Under the expert options you can see more options to change the color of the diagram.  Left-top circle color, Right-top circle color, and Center-bottom circle color. In these fields you can specify the colors you wish to see in the diagram.  

Simple picture. When this box is checked-, all three circles in the resulting diagram will have the same size, no matter whether the input tables are of the same size or not. By default this option is checked. 

When this box is unchecked, the size of the circles will be proportional to the size of the input tables in the resulting diagram.

Input 2 or 3 gene list for which you want to create the Venn Diagram, specify the output path and press ‘Run’.

Check the sample Input files and Output files in the geneXplain platform public folder. 
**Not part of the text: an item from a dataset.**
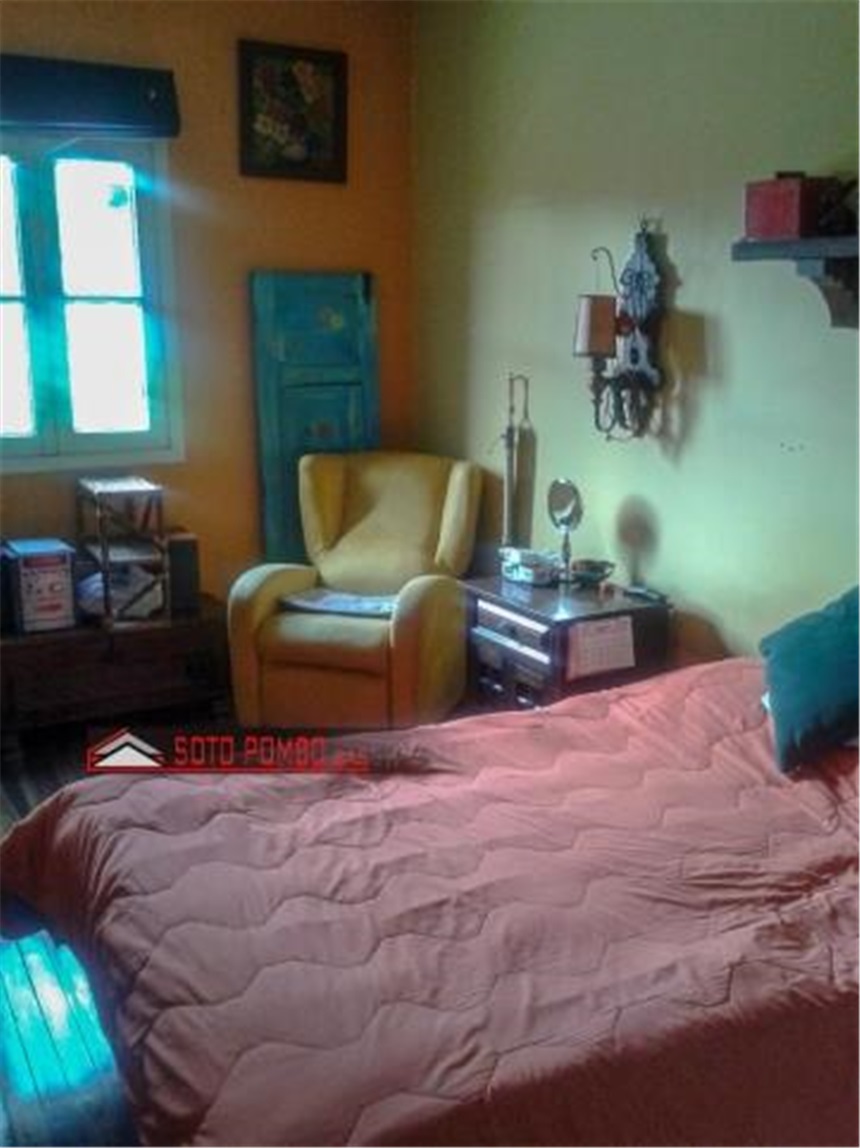 Casa en venta en Chapinero, Bogotá · foto 18 de 24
Identification of differentially expressed genes using Guided linear model analysis

You can identify differentially expressed genes for a gene list using the method Guided linear model analysis

This method can be found in the methods section/ Statistics folder

This tool performs a linear model analysis on the input table, guided by experimental factors defined in a sample table. It identifies significant differences between pairs of levels within the main factor and conducts an ANOVA across all contrasts. The assignment of main factor levels to input columns is specified in a sample table column. Additional variables can be controlled by listing their column names, and Surrogate Variable Analysis (SVA) can be included to detect hidden factors.
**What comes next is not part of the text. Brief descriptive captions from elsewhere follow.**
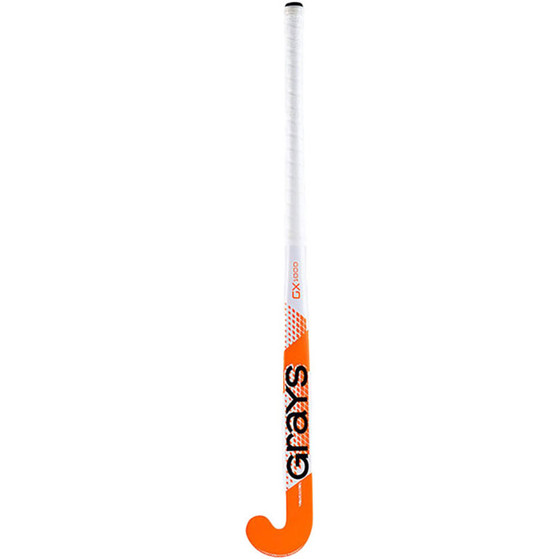 Grays GX 1000 Ultrabow Junior
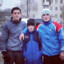 elorestt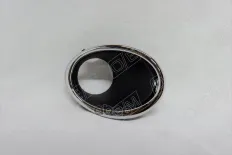 Рамка противотуманной фары левой O.E.M. арт. OEM1441L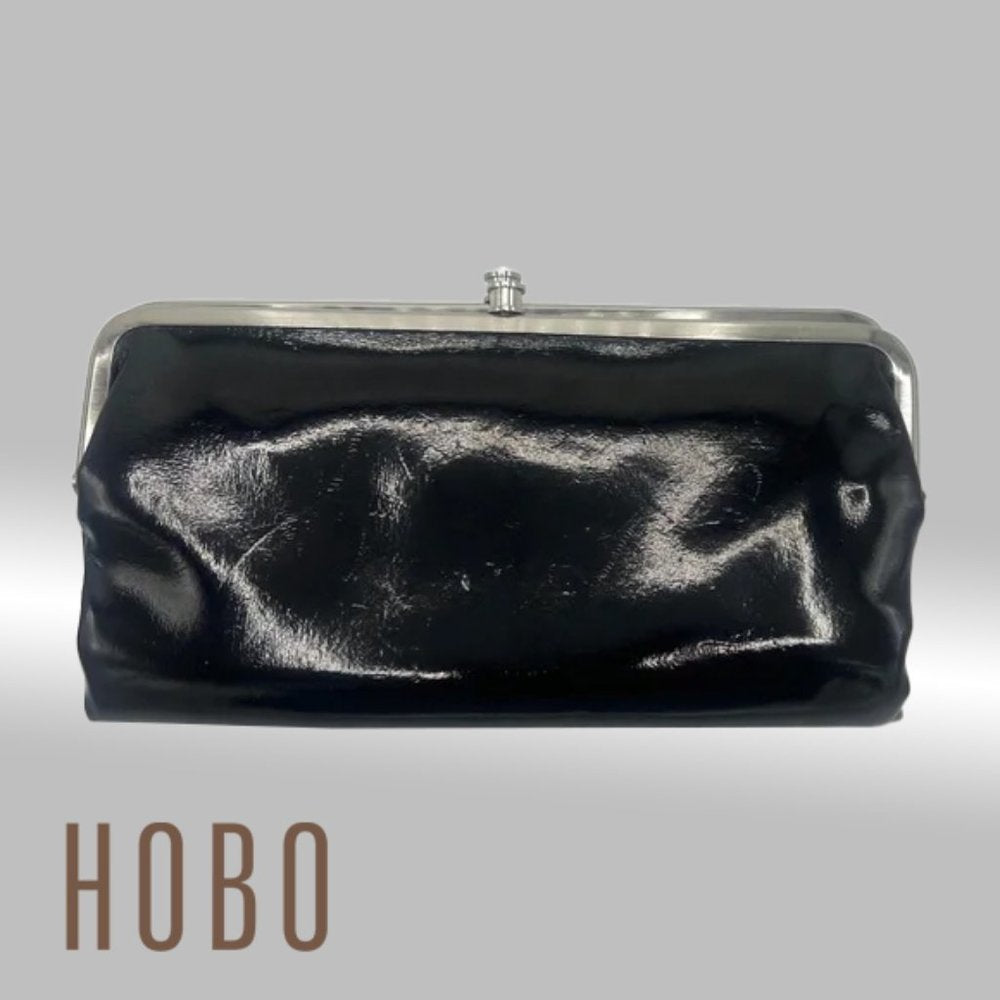 HOBO Lauren Wallet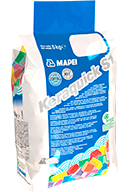Keraquick Maxi S1 fehér 23 kg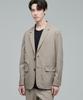 Almighty Blazer [Dusty Beige]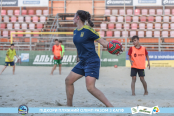 <a href="https://st.getinfootball.com/albums/1088843/6683ba73956f5_1920.jpg" target="_blank">Завантажити оригінал</a>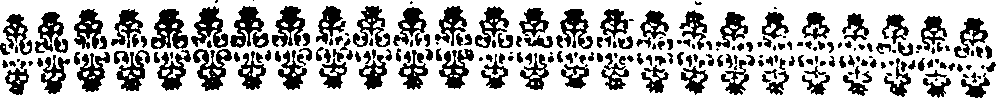 040/040450020000180_1.png
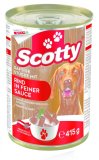 Hrana za pse Scotty 450 g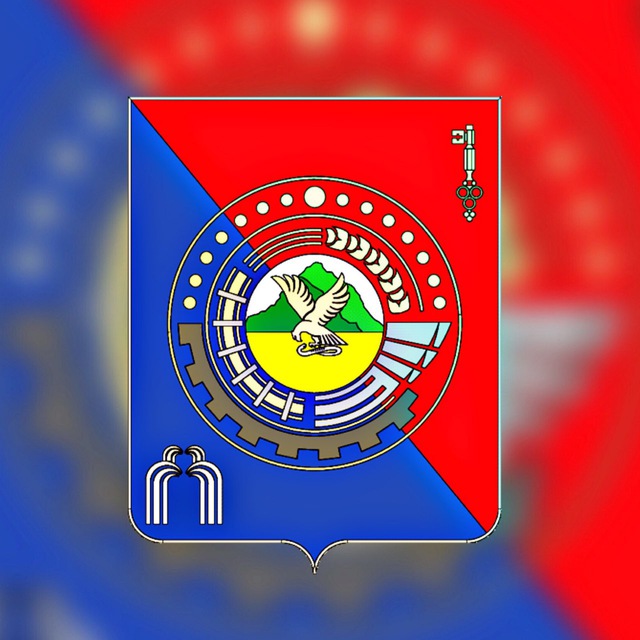 Минводы НЬЮС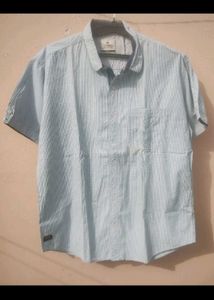 Combo Of 2 Shirts 👕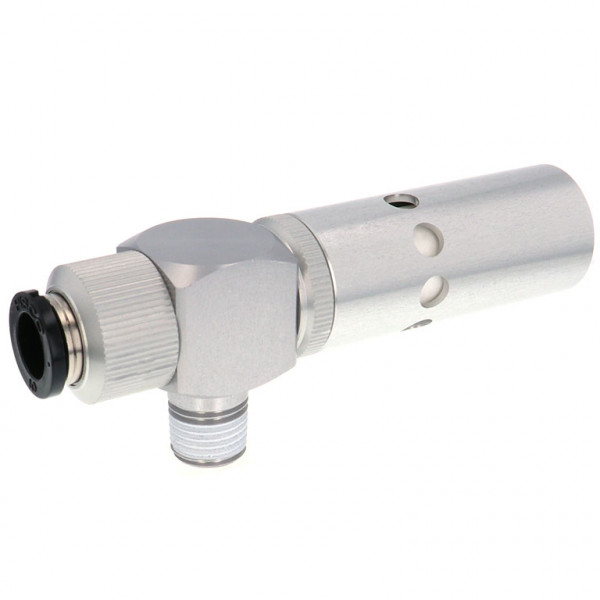 Bộ Tạo Chân Không Dòng VM - VC Pisco VCE15-N2-3/8C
Ensure that input table column names match the row names of the sample table. If different identifiers are used, specify the correct column using the Sample column parameter. To analyze only specific columns, define them in the Data columns parameter.

Avoid using numerical names, and make sure all column/sample names follow R naming conventions.
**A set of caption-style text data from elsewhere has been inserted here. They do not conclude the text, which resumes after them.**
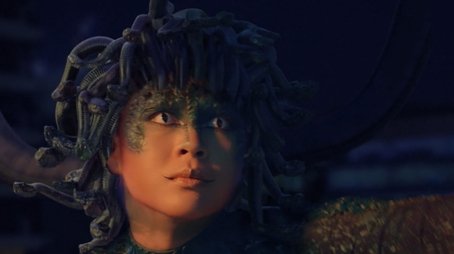 Gut-wrenching Gut Feeling (2022) - Episode 4 poster and promotional image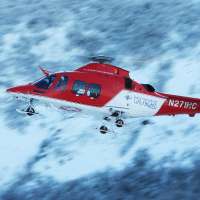 Overdue hiker dies shortly after being found in canyon above Bountiful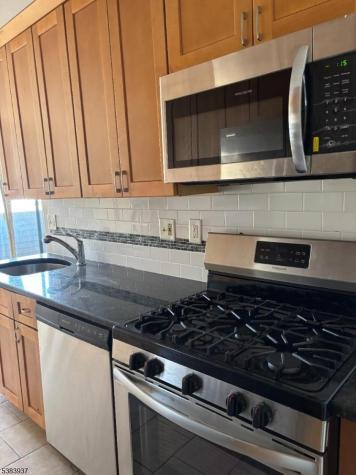 822 Main Street Belleville NJ 07110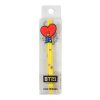 BT21 TATA 原子筆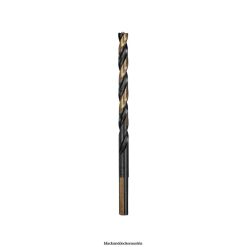 BLACK+DECKER Werkzeuge Rundbohrer 13/64 Zoll TL4V4L602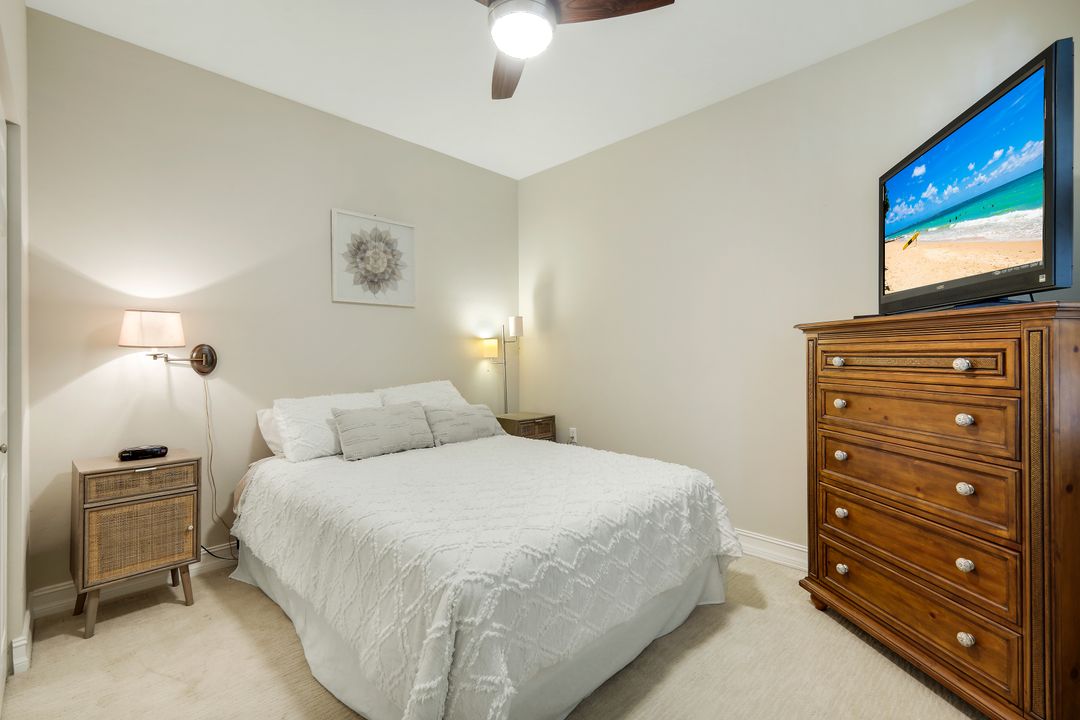 21790 Southern Hills Dr #101, Estero, FL 33928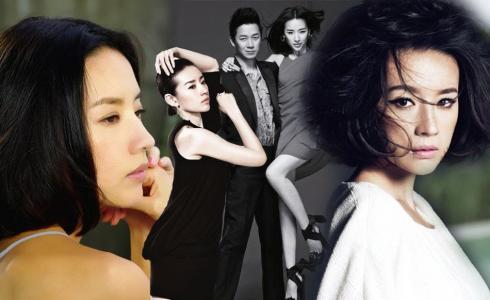 于正倾城雪再热播 董洁杜淳演绎主仆虐恋第6张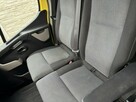 Renault Master 2.3 Dci Klima L2H2 Doka - 15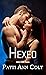 Hexed by Patti Ann Colt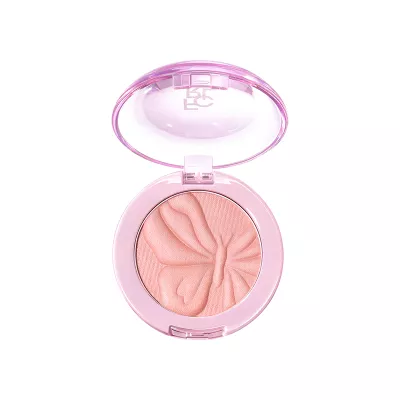 FOCALLURE Perfect Blush Fa-F104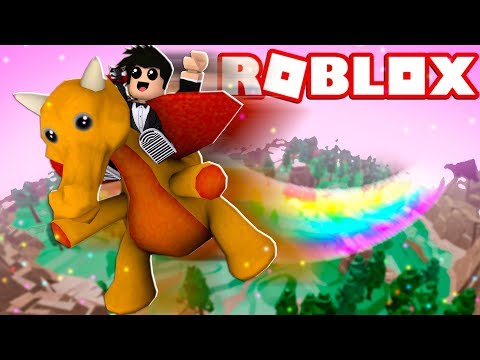 Brincadeira Do Dia - lokis fez um hospital gigante roblox hospital tycoon youtube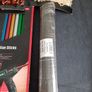 Craft bundle Image 4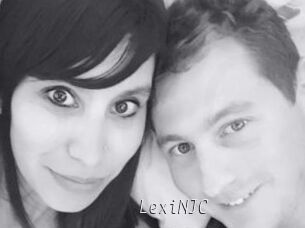 LexiNJC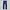 Uniqlo Grunge Indie Jeans Pria navy blue photo 2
Confirm that Input type and Normalization method are correct:

• Raw counts → processed with Limma’s voom, optionally normalized.
• Normalized values → used directly.
  
• Transformed counts → analyzed with eBayes (trend = TRUE) to include intensity-based trends.

Input form looks like:

Input parameters:

Input table – Path to the file containing your input data.
Input type – Type of data provided (e.g., raw counts, normalized, transformed).
Normalization method – Normalization method to use with voom.
Data columns – Optionally choose specific columns from the input data.
Sample table – File containing sample (column) information.
Sample column – Column in the sample table that lists sample names (used if row names are not samples).
Main factor – The main experimental factor to compare.
Reference level – Optional base level; other levels are compared against this one.
Compare to reference only – Limits analysis to comparisons between the reference and other levels.
Control factors – Optional additional factors to control for (columns from the sample table).
With SVA – Enable Surrogate Variable Analysis to account for hidden variables.
Robust – Use a version of the analysis resistant to outliers.
Output folder – Folder where all results will be saved.

Sample Input file used: 

https://platform.genexplain.com/bioumlweb/#de=data/Public/Data%20sets/Data/Demo%20runs/Input%20formats/Normalized%20(RMA)_TNF

Sample meta-data

https://platform.genexplain.com/bioumlweb/#de=data/Examples/User%20Guide/Data/Input%20for%20examples/workflows/Sample_metadata_ids

Output:

https://platform.genexplain.com/bioumlweb/#de=data/Public/Data%20sets/Data/Demo%20runs/Day%203%20output/Normalized%20(RMA)_TNF%20Guided%20LM%20result/limma_results/TNF%20vs%20None%20result

The list of differentially expressed genes can be filtered as per requirement and used further for different workflows.